**What you should do:** Output the entries exactly. Start at the first line, finish with the line containing "Gestreiftes Oversize-Oberteil mit", and omit the pictures.

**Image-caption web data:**
============================================================

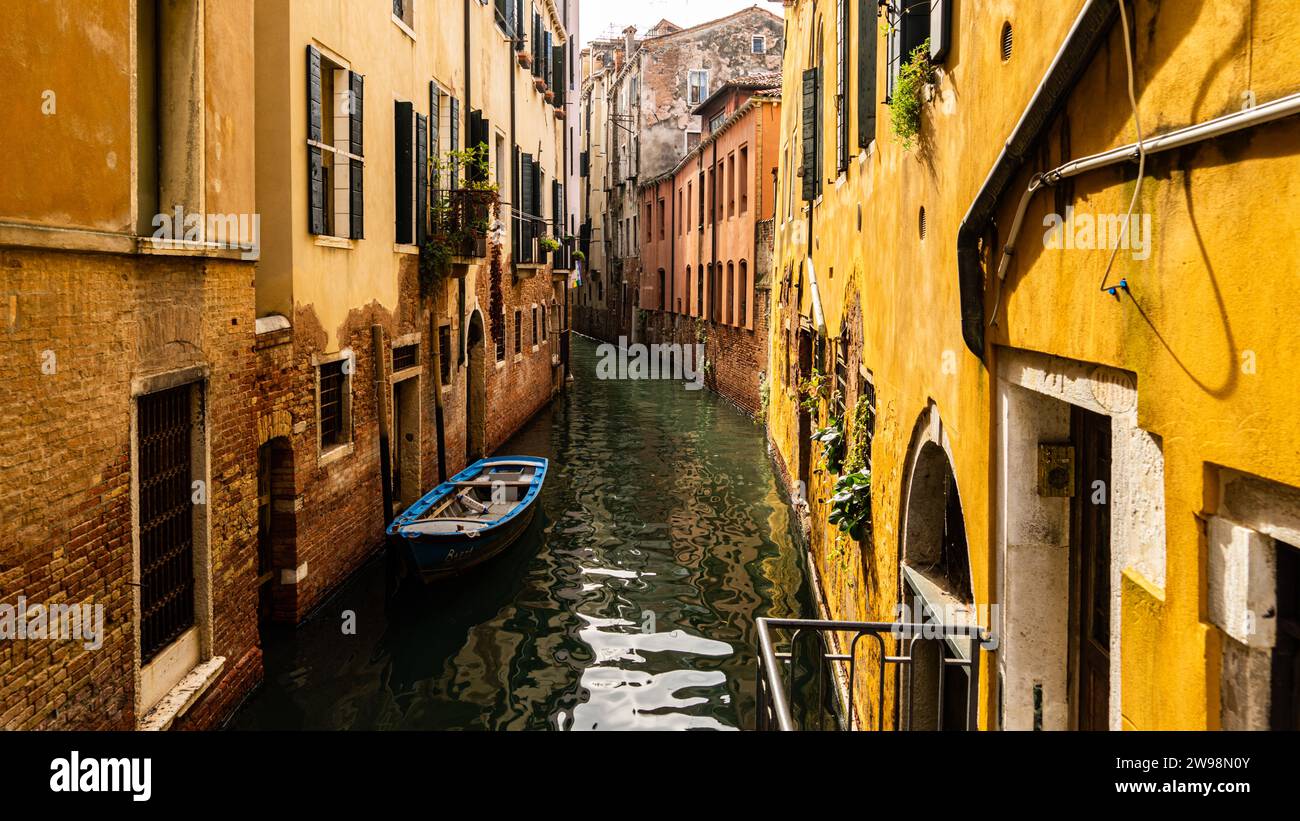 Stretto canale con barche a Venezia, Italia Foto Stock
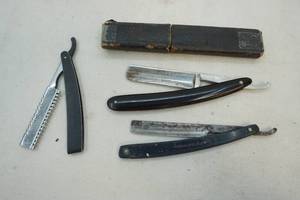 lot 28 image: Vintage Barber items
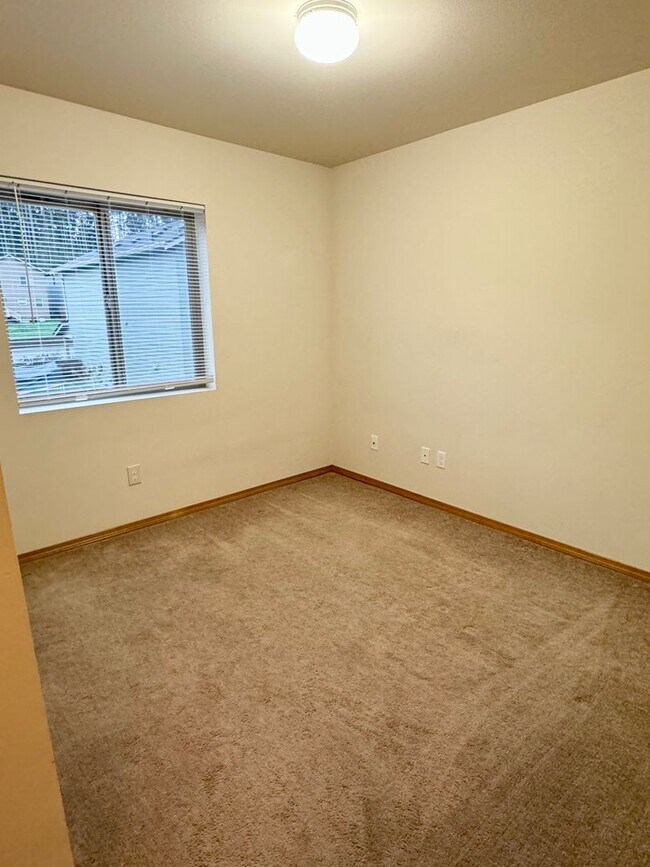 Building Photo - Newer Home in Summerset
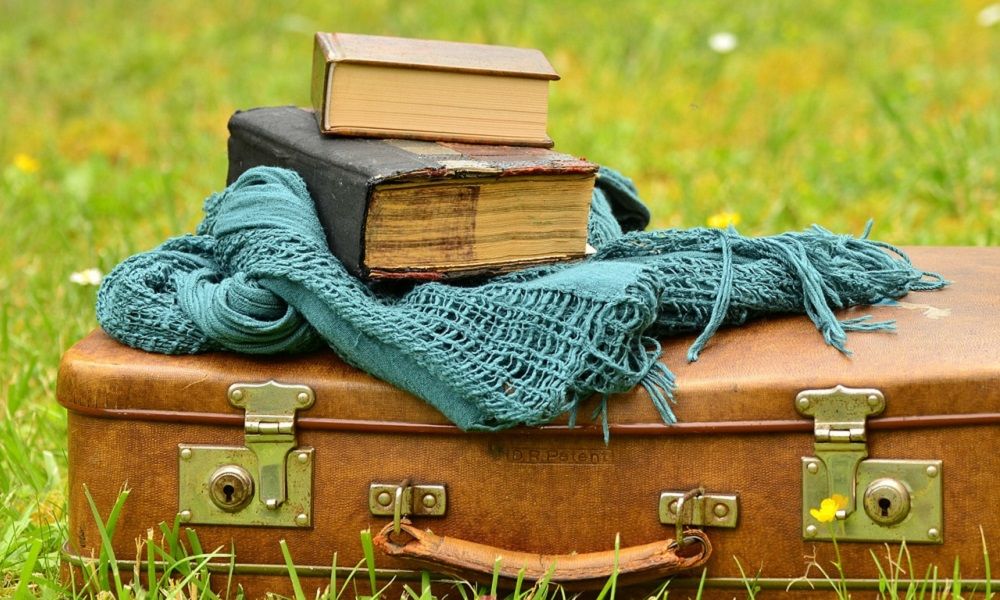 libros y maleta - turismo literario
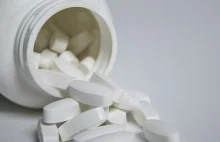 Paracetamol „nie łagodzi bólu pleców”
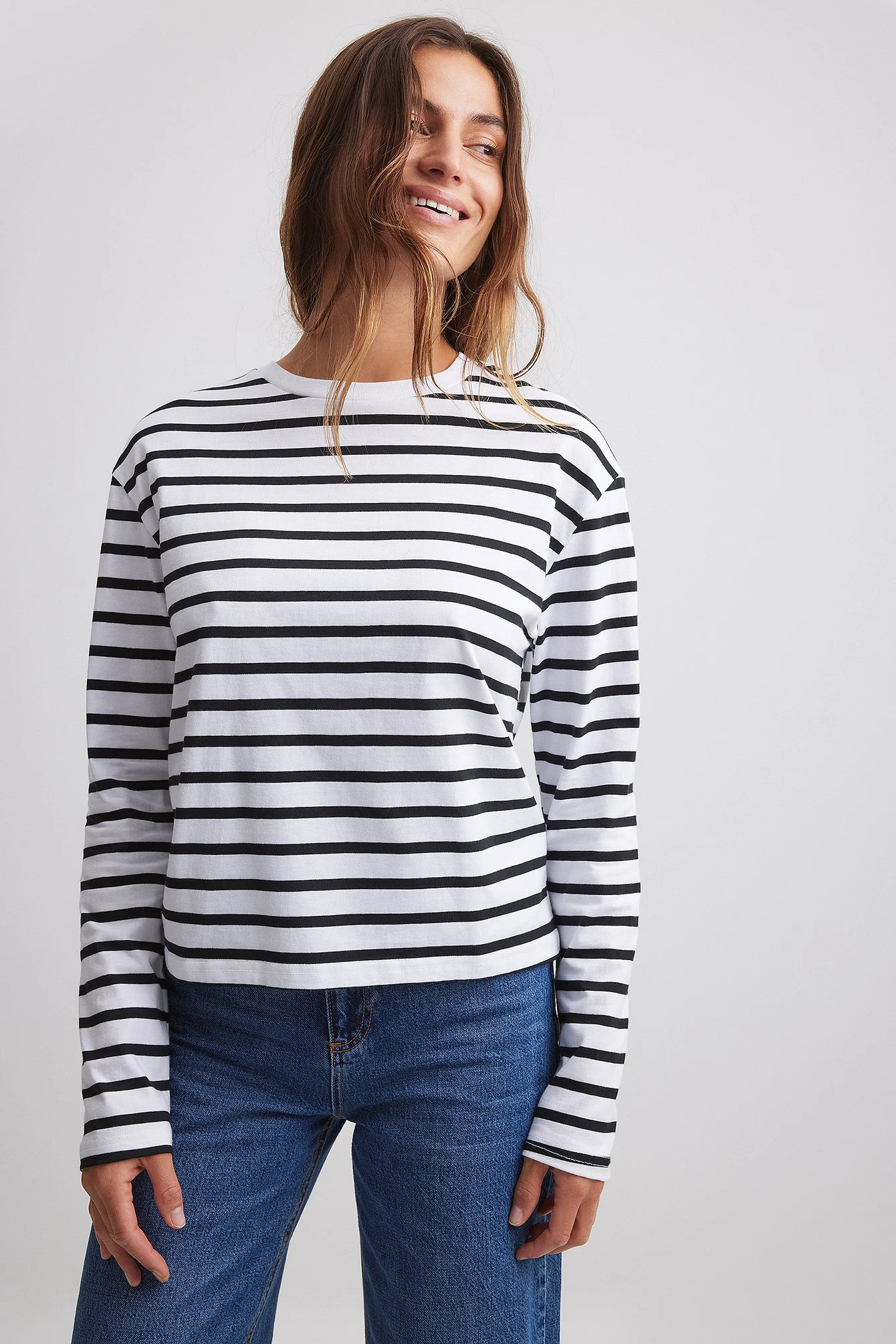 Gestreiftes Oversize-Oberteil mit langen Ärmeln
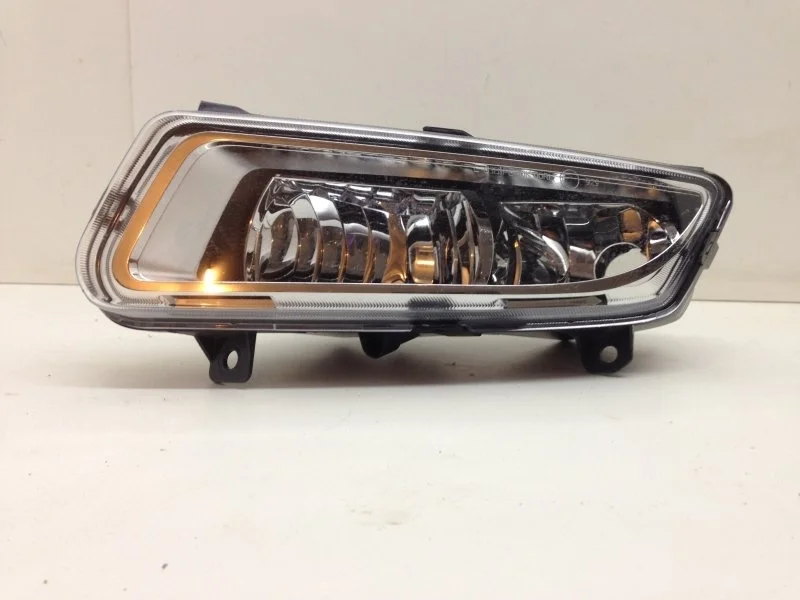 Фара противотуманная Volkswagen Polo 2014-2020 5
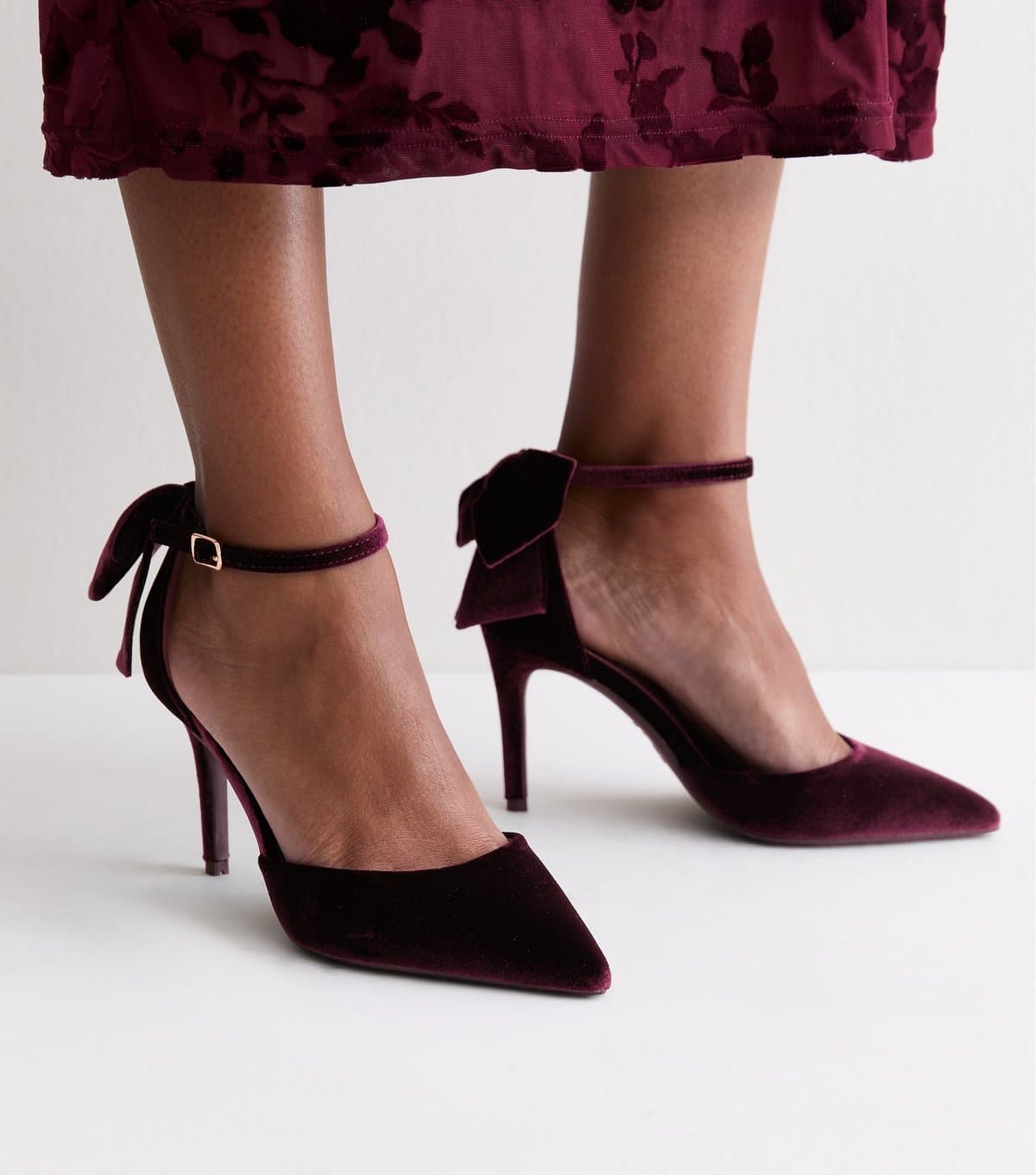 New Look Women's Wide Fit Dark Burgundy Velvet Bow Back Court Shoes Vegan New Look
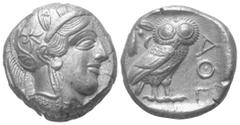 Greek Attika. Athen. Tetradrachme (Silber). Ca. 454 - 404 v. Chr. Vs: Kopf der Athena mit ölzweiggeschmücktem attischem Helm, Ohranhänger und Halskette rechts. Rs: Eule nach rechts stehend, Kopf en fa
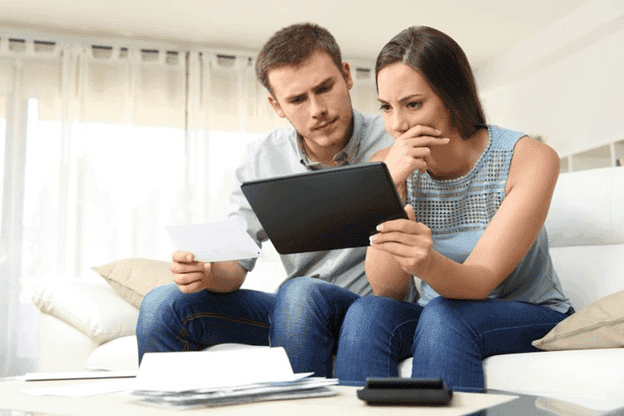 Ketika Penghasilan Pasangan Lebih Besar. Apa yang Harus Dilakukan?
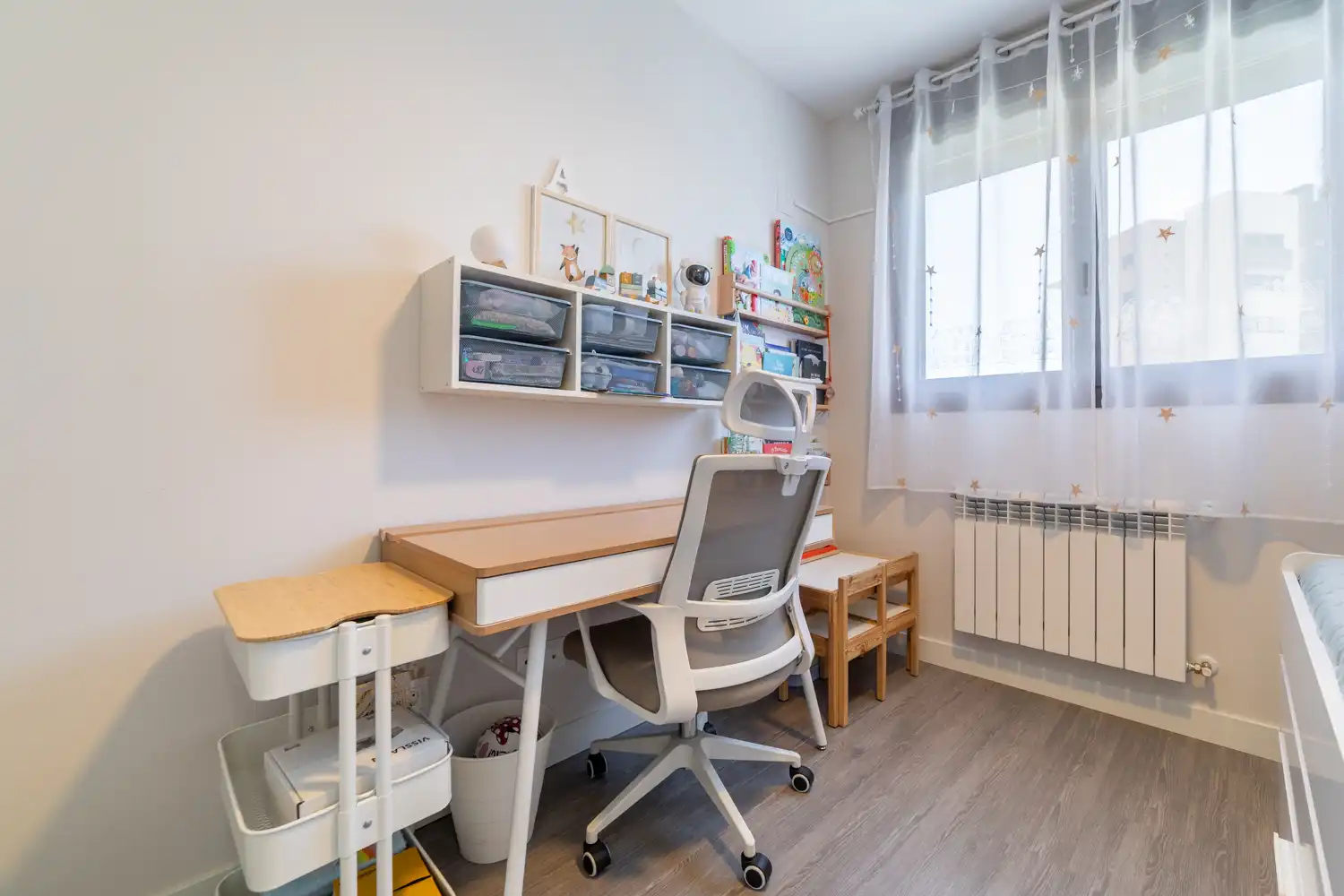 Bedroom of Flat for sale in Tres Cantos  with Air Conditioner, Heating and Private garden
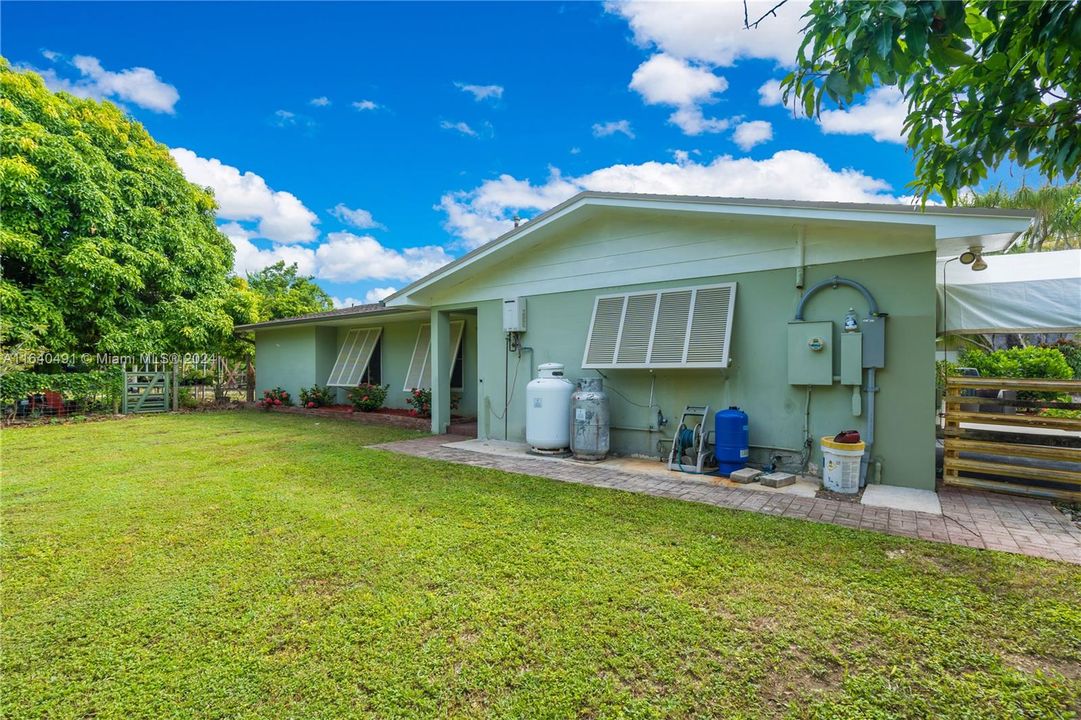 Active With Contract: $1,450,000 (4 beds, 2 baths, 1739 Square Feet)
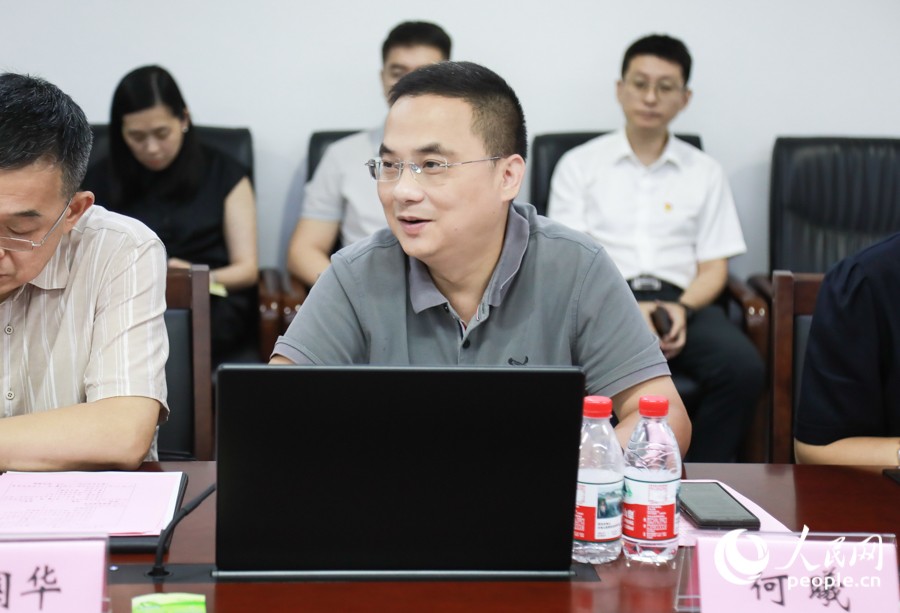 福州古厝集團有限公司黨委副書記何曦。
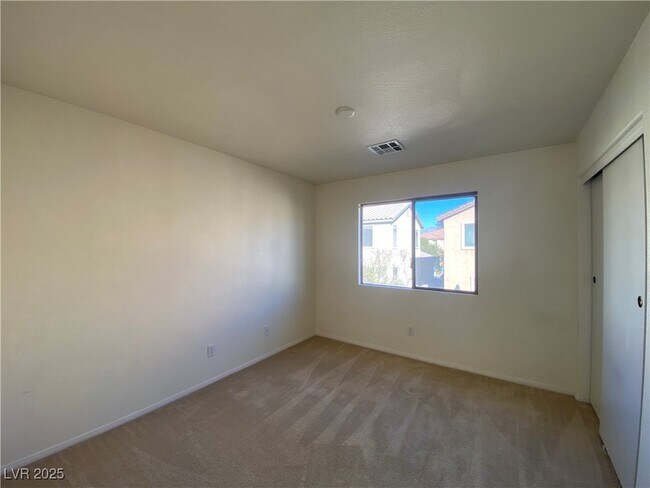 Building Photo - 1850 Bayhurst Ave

============================================================

**Answer:**
 Stretto canale con barche a Venezia, Italia Foto Stock
 lot 28 image: Vintage Barber items
 Building Photo - Newer Home in Summerset
 libros y maleta - turismo literario
 Paracetamol „nie łagodzi bólu pleców”
 Gestreiftes Oversize-Oberteil mit langen Ärmeln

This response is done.